03 Sep 2005 23:38

Purging devfs

When devfs first came out, it was cool and neat, and I liked the idea of not having to wade through 1000+ entries in /dev so much that I jumped on the bandwagon. Then udev came around and devfs bashing became the popular thing to do. Eventually I was convinced of the technical merits of udev, and so converted to udev.

Or so I thought. It turns out I had never quite done that on my desktop, although I had deluded myself into thinking that I had. So when kernel 2.6.13 came around and ripped devfs out from underneath my feet, I fell flat on my back.
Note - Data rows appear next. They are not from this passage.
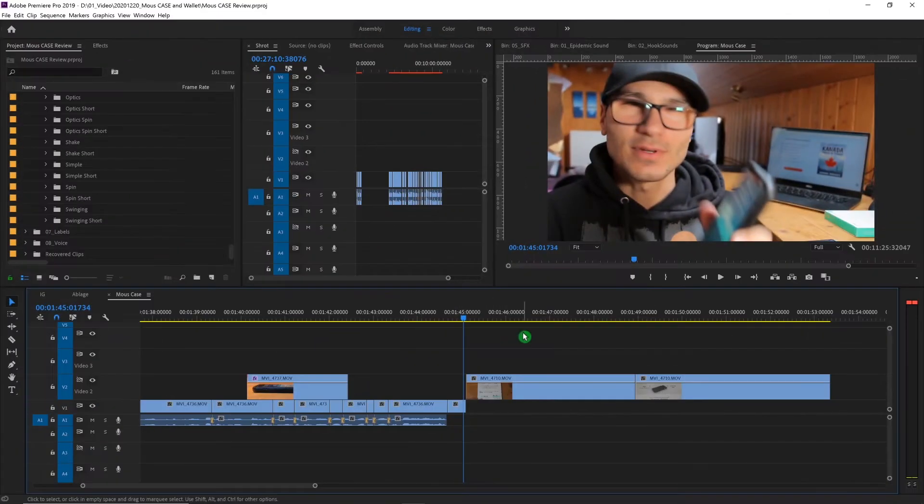Hey, welcome back to my channel. I'm Daniel and today I'll show you how to fix a problem in Premiere Pro — when you want to record a voiceover using an external microphone and you hear your own voice echoing back. It's a super simple fix. Let's jump into my computer.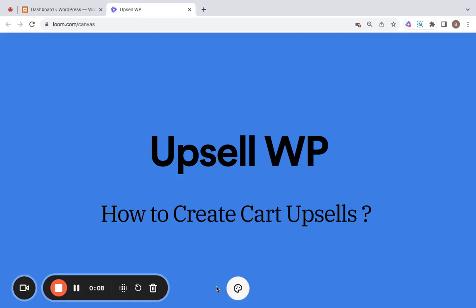Hey everyone, welcome to another video of the Upsell WP plugin and in this video we're going to talk about creating cart upsells.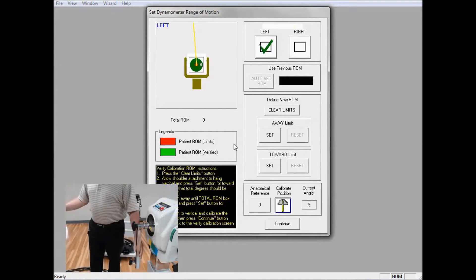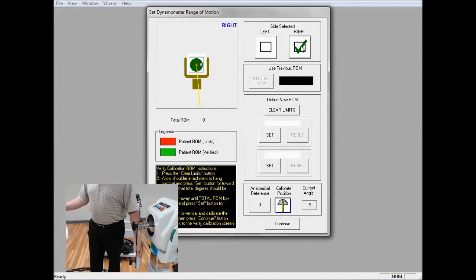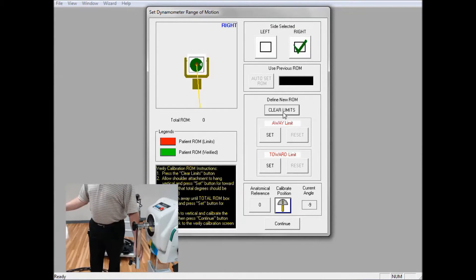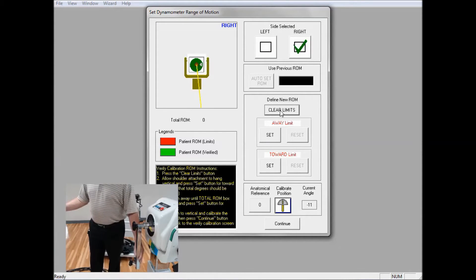Choose the correct side. I'm going to be using the right side. I'm going to Clear Limits. I'm going to hang the attachment vertically and I'm going to click on Toward.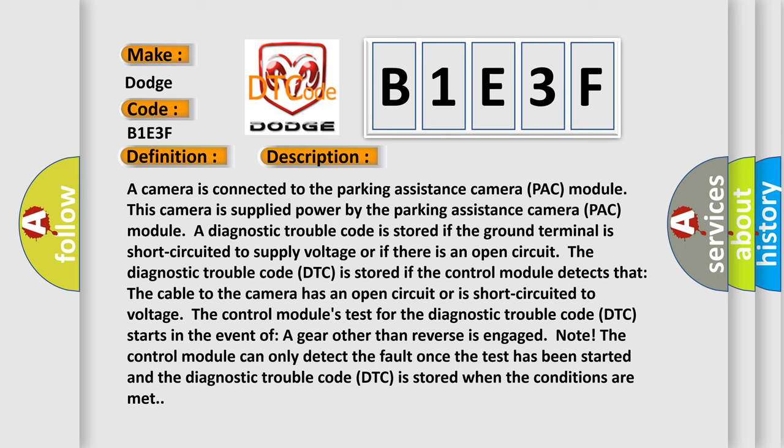The control module's test for the diagnostic trouble code DTC starts in the event of a gear other than reverse is engaged. Note: The control module can only detect the fault once the test has been started and the diagnostic trouble code DTC is stored when the conditions are met.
It turns out I had not only been running devfs all along up through 2.6.12, but somewhere along the line I had lost the real, static /dev. The error I was getting was something along the lines of "Unable to open initial console."

After some head scratching, googling, and false starts, it turns out the best thing to do was to boot a rescue disk, mount the root partition, and copy over /dev. (I did rsync -a /dev/ /mnt/tmp/dev).

One of my false starts was MAKEDEV std hda hdb hdc hdd. In retrospect this should have worked, but my delusion was so complete that I thought udevd was being started at boot when indeed it was not, and only those devices were not quite enough to get me booted. At that point I lost interest in just how minimal a set of devices I needed, and copied them all over.